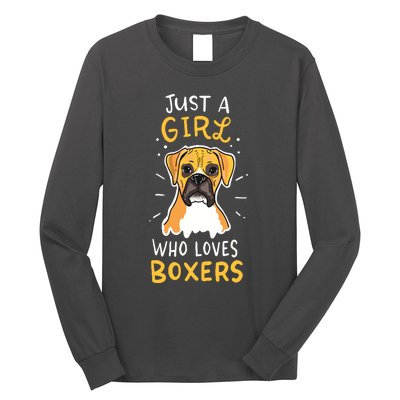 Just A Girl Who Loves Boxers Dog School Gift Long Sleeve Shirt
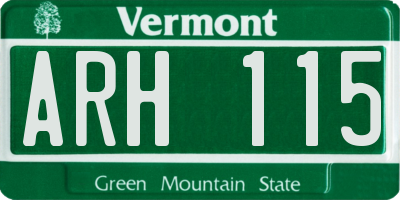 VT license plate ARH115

* * *

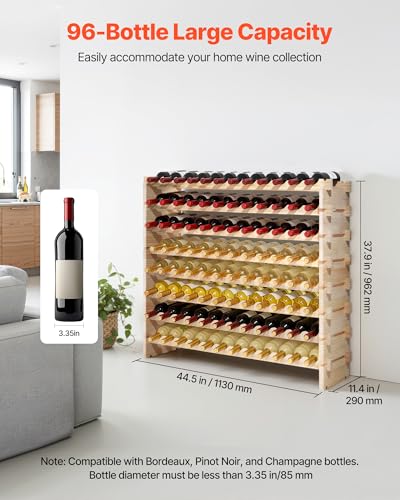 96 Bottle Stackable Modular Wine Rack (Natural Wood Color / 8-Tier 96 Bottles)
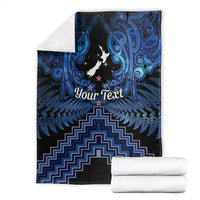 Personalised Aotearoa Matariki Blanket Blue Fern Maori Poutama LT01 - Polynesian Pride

* * *

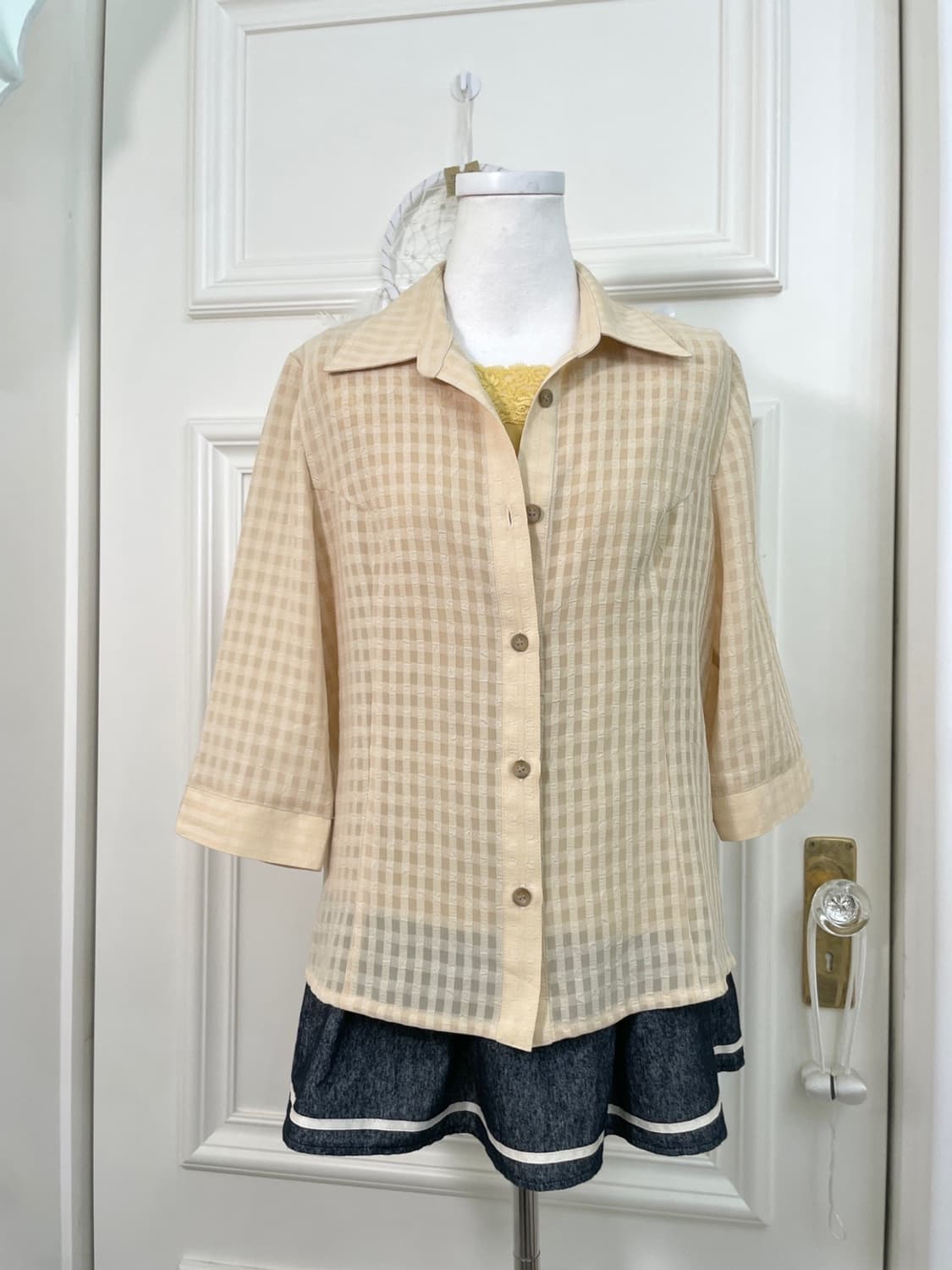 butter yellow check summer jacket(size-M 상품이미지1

EXERCISE AIM
Skip every picture, and restate word for word only the lines above from the line containing "Just A Girl" to the line containing "VT license plate ARH115", both of them included.

SOLUTION TO THE PROBLEM
 Just A Girl Who Loves Boxers Dog School Gift Long Sleeve Shirt
 VT license plate ARH115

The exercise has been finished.